3. Press Key -- Dwell via Inline Sleep

Cost: 1 xdotool call (same as current). Pre-computation: 1 rand.Intn call.

Algorithm: Replace key <keysym> with keydown <keysym> sleep <dwell> keyup <keysym>.

  • Tap dwell: UniformJitter(rng, 95, 30, 50) -> [65, 125]ms.
  • Modifier stagger: When hold_keys are present, insert a small sleep 0.025 between each keydown for modifiers, then the primary key sequence. Release in reverse order with the same stagger. This costs zero extra xdotool calls -- it's all in the same arg slice.

Single xdotool call example (Ctrl+C):

xdotool keydown ctrl sleep 0.030 keydown c sleep 0.095 keyup c sleep 0.025 keyup ctrl

API change: Add smooth: boolean (default false) to PressKeyRequest.


4. Scroll -- Eased Tick Intervals in One Call

Cost: 1 xdotool call (same as current). Pre-computation: O(ticks) easing function evaluations (3 multiplies each).

Algorithm: Replace click --repeat N --delay 0 <btn> with N individual click <btn> commands separated by pre-computed sleep values following a smoothstep easing curve.

  • Easing: SmoothStepDelay(i, N, slowMs=80, fastMs=15) for each tick i. The smoothstep 3t^2 - 2t^3 creates natural momentum: slow start, fast middle, slow end.
  • Jitter: Add rand.Intn(10) - 5 ms to each delay. Trivially cheap.
  • Small scrolls (1-3 ticks): Skip easing, use uniform delay of rand.Intn(40) + 30 ms.

Single xdotool call example (5 ticks down):

xdotool mousemove 500 300 click 5 sleep 0.075 click 5 sleep 0.035 click 5 sleep 0.018 click 5 sleep 0.040 click 5

API change: Add smooth: boolean (default false) to ScrollRequest.

Why not per-tick Go-side sleeps? That would require N separate xdotool calls (N fork+execs). Inline sleep achieves the same timing in one process.


5. Drag Mouse -- Bezier Path + Eased Delays

Cost: Same as current (1-3 xdotool calls for the 3 phases). Pre-computation: Bezier generation (already proven fast in mousetrajectory.go).
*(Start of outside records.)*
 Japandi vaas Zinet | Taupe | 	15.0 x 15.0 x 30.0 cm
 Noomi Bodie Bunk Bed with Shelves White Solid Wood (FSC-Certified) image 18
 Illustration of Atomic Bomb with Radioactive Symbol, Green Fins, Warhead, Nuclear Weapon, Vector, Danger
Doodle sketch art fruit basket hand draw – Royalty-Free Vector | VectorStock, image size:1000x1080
Algorithm: When smooth=true, auto-generate the drag path using the existing mousetrajectory.HumanizeMouseTrajectory Bezier library, then apply eased step delays (instead of the current fixed step_delay_ms).

  • Path generation: mousetrajectory.NewHumanizeMouseTrajectoryWithOptions(startX, startY, endX, endY, opts) -- already O(n) with Bernstein polynomial evaluation. Proven fast.
  • Eased step delays: Replace the fixed stepDelaySeconds in the Phase 2 xdotool chain with per-step delays from SmoothStepDelay. Slow at start (pickup) and end (placement), fast in middle. These are already baked into the single xdotool arg slice, so zero extra process spawns.
  • Jitter: Same rand.Intn(5) - 2 ms pattern already used by doMoveMouseSmooth.
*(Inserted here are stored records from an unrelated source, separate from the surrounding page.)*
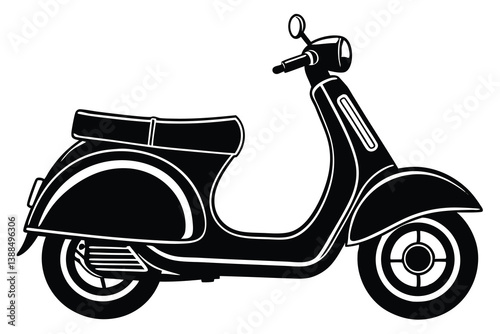  scooter silhouette vector art, modern sooty icon.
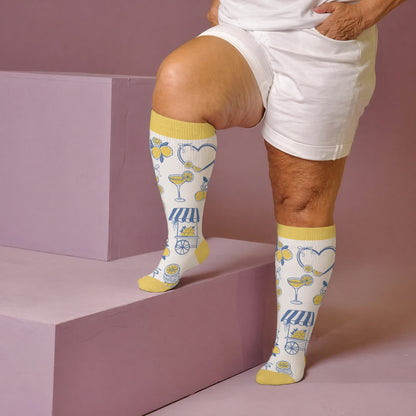 Plusock Plus Size Lemon Cocktail Compression Socks - Yellow(1 Pair) - 4XL - image 1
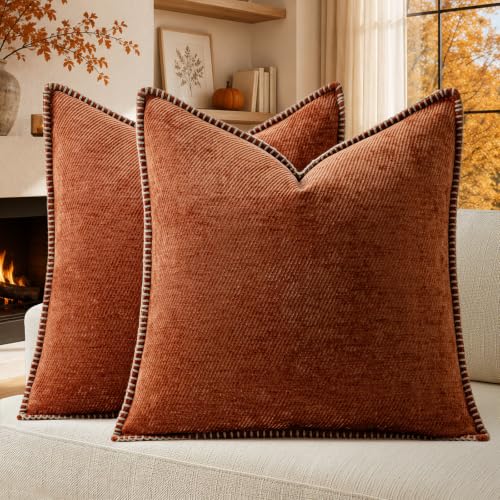 Image of a moment Fall Decorative Throw Pillow Covers Pack of 2,24x24 Inch Crafted Border Rust
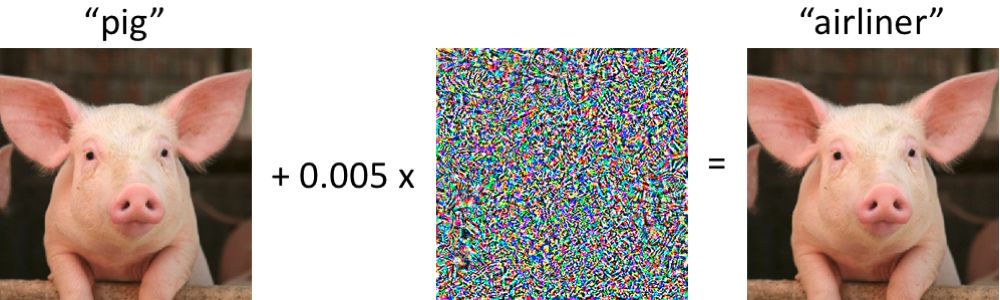 "On the left, we have an image of a pig that is correctly classified as such by a state-of-the-art convolutional neural network. After perturbing the image slightly (every pixel is in the range [0, 1] and changed by at most 0.005), the network now returns class “airliner” with high confidence."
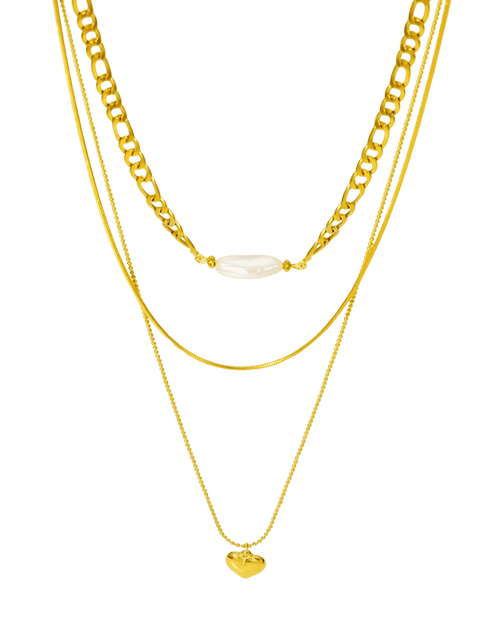 18K Gold Layered Necklace with Heart Pearl Pendant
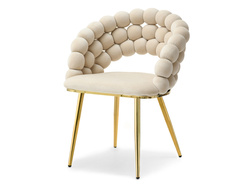 Stol i krämfärgad velour med gyllene ben LUCY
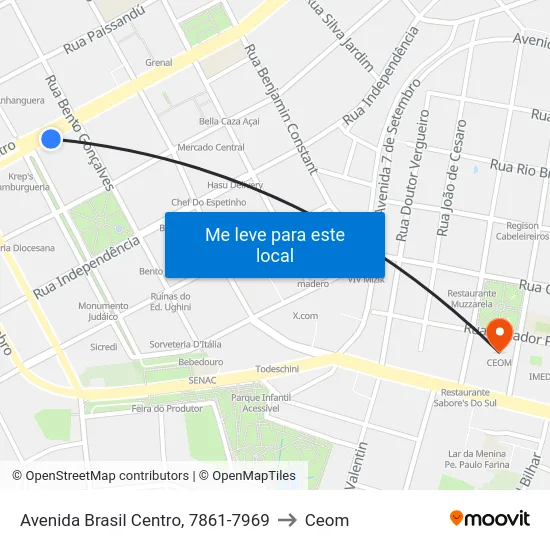 Avenida Brasil Centro, 7861-7969 to Ceom map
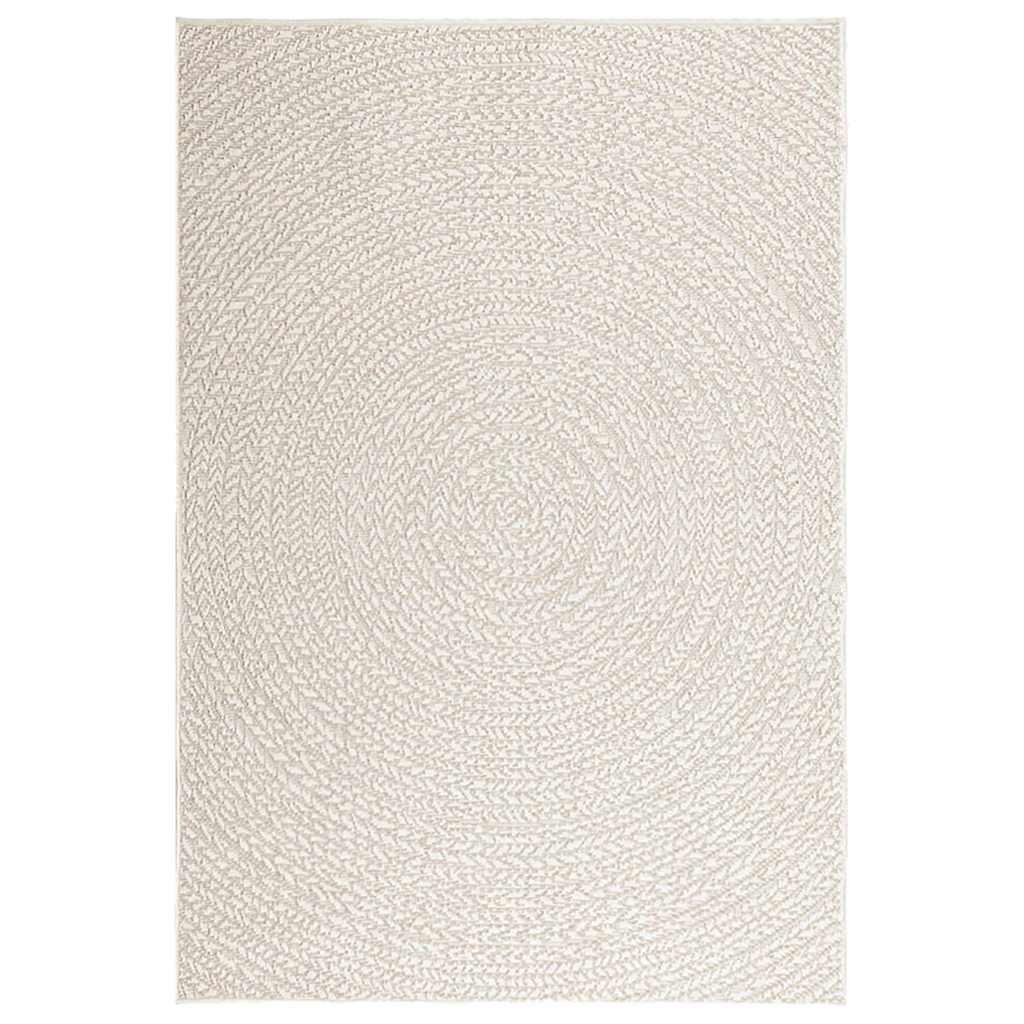 Teppe ZIZUR kremhvit 120x170cm jute-utseende innendørs&utendørs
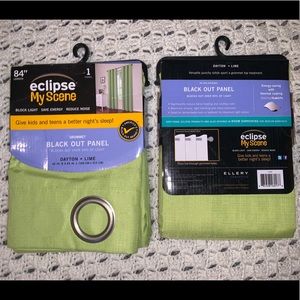Eclipse Black Out Lime Curtains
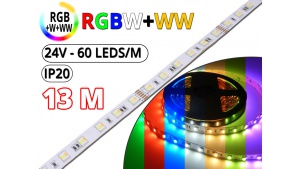 Kit Ruban Led RGB CCT (RGBW+WW) - Pro 13 Mètres - 24V - 60L/M-24 W/M-IP20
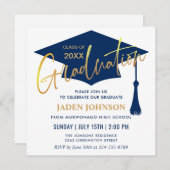 Moderne Simple Graduation Party QR code Invitation (Devant / Derrière)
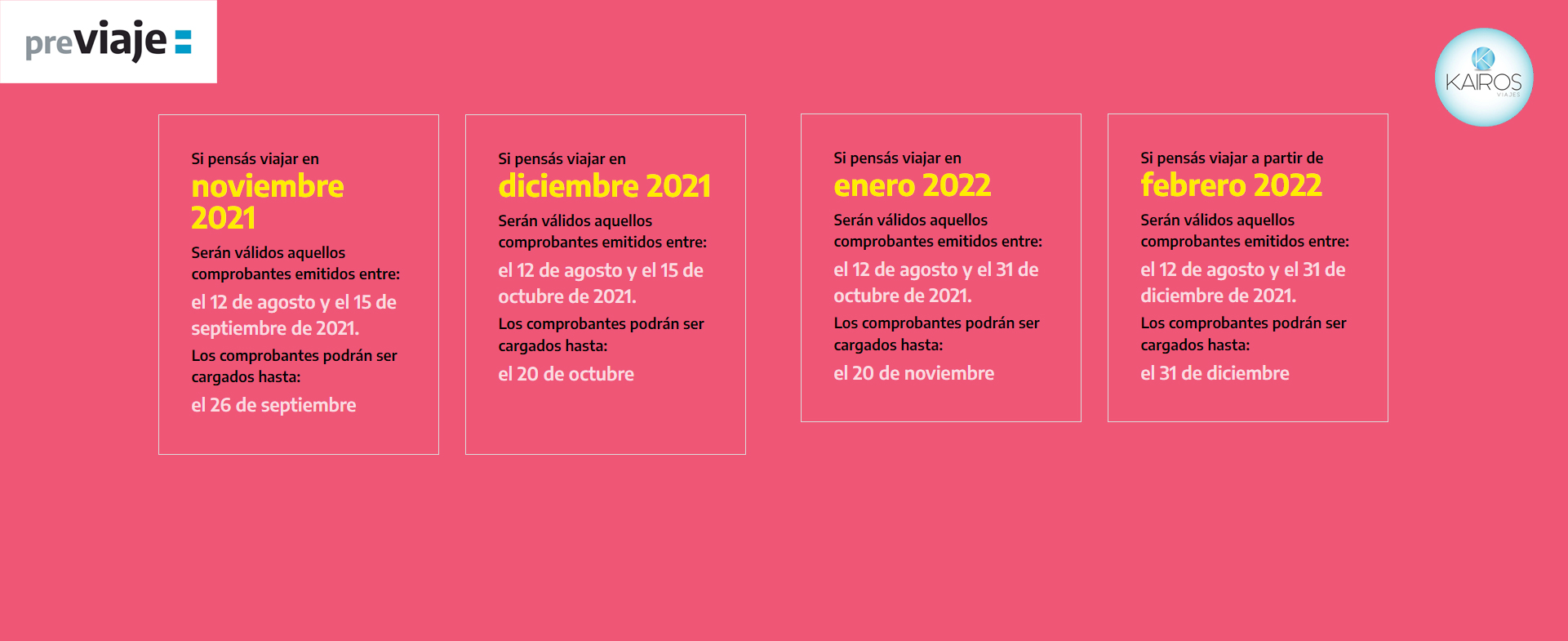 Calendario Previaje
API change: Add smooth: boolean (default false) to DragMouseRequest. When smooth=true and path has exactly 2 points (start + end), the server generates a Bezier curve between them and replaces path with the generated waypoints.
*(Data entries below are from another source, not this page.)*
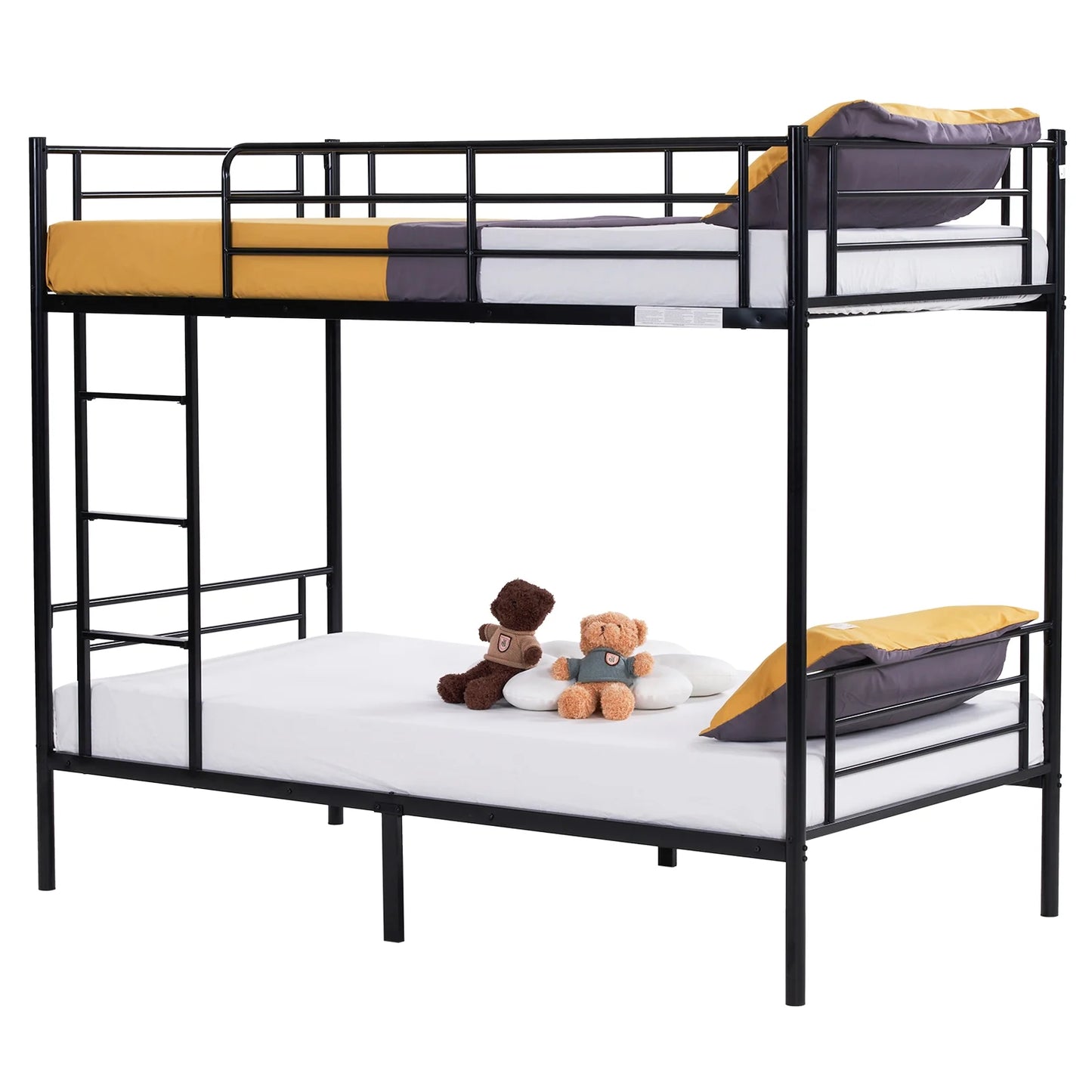 Twin over Twin Steel Bunk Beds Frame, 78" X 42" X 65" with Ladder Bedroom Dorm Room for Kids Adult Children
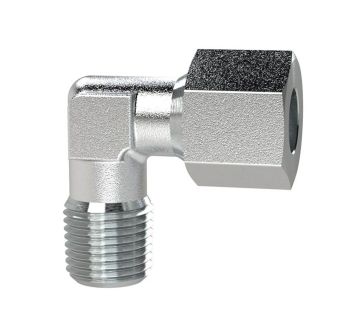 Male elbow, NPT 1/8 o., Pipe exterior Ø 6, galvanised steel
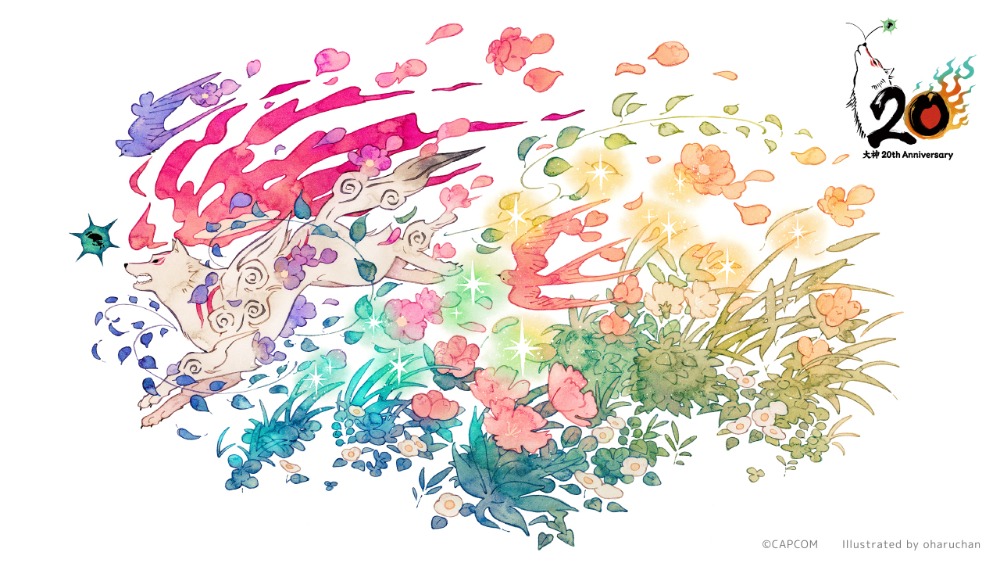 人気イラストレーター「おはるちゃん」と「大神」のコラボイラスト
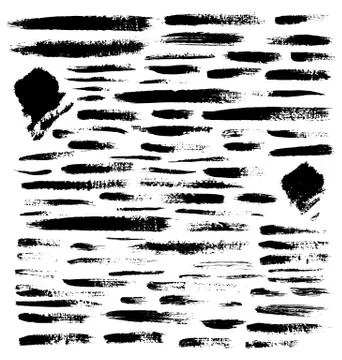Vector Set of brushes. Grunge design elements. Dirty texture banners. Ink Stockillustratie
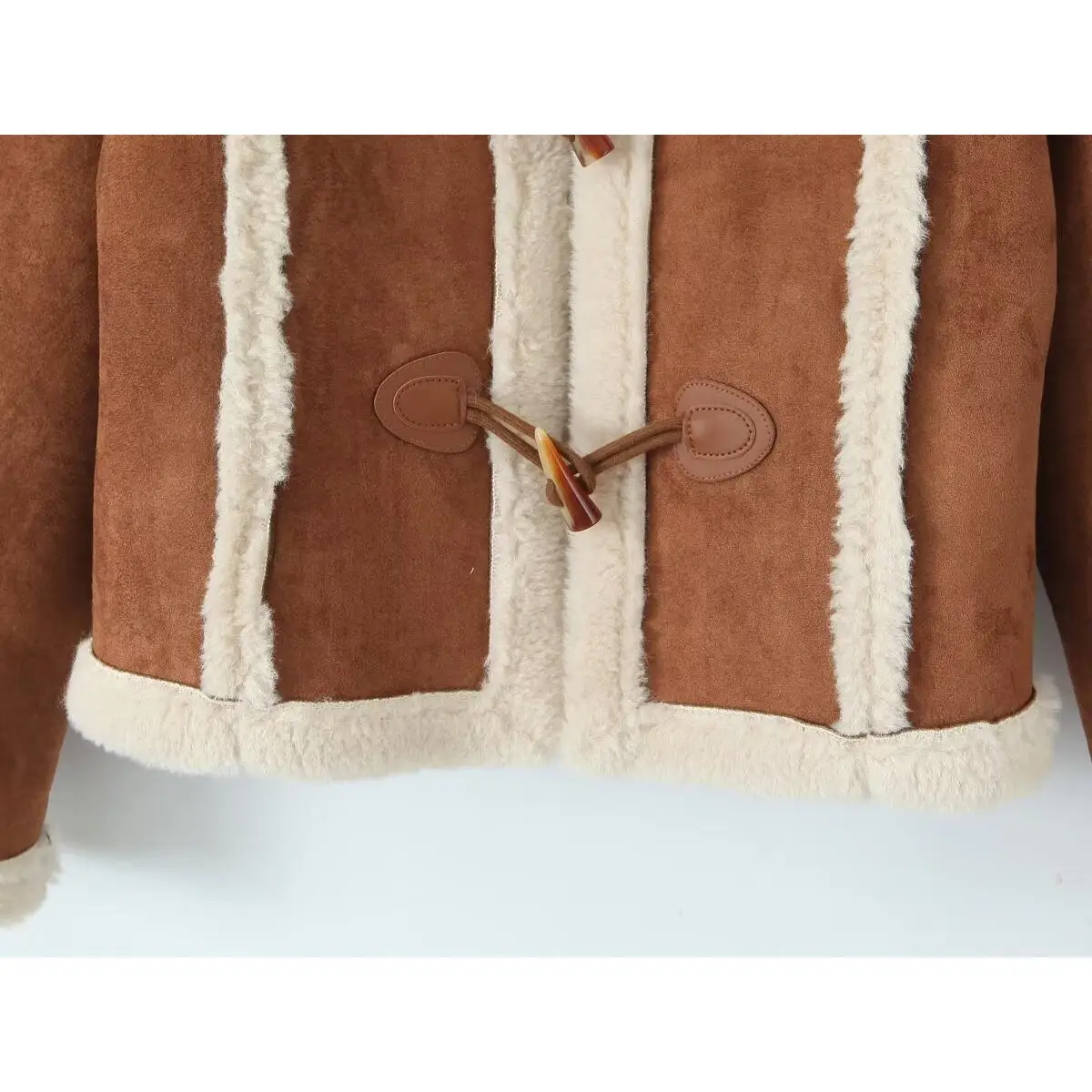 Faionable الرجعية الجلد المدبوغ لامب الفراء Jaet مع زر التفاصيل البوليستر النسيج طويل Sve معطف السيدات Sli الخريف وصول جديد #3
No new start/end fields needed -- the caller simply provides path: [[startX, startY], [endX, endY]] and the server expands it.


Computational Cost Summary

Endpoint xdotool calls Pre-computation Algorithm
move_mouse O(points) (done) O(points) Bezier + Box-Muller Bezier curve + easeOutQuad + jitter
click_mouse 1 (same) 1-2x rand.Intn Uniform random dwell
type_text 1 (same) O(words) rand.Intn Chunked type + inter-word sleep
press_key 1 (same) 1x rand.Intn Inline keydown/sleep/keyup
scroll 1 (same) O(ticks) smoothstep (3 muls each) Eased inter-tick sleep
drag_mouse 1-3 (same) O(points) Bezier (existing) Bezier path + smoothstep step delays

No additional process spawns. No heap allocations beyond the existing xdotool arg slice. No lookup tables. Every random sample is a single rand.Intn or rand.Float64 call.


Files to Create/Modify

  • Modify: [server/openapi.yaml](kernel-images/server/openapi.yaml) -- Add smooth boolean to 5 request schemas
  • Modify: [server/cmd/api/api/computer.go](kernel-images/server/cmd/api/api/computer.go) -- Add humanized code paths (branching on smooth flag)
  • Create: server/lib/humanize/humanize.go -- Shared primitives (~50 lines)
  • Create: server/lib/humanize/humanize_test.go -- Table-driven tests
  • Regenerate: OpenAPI-generated types (run code generation after schema changes)

No separate per-endpoint library packages needed. The shared humanize package plus the existing mousetrajectory package cover everything.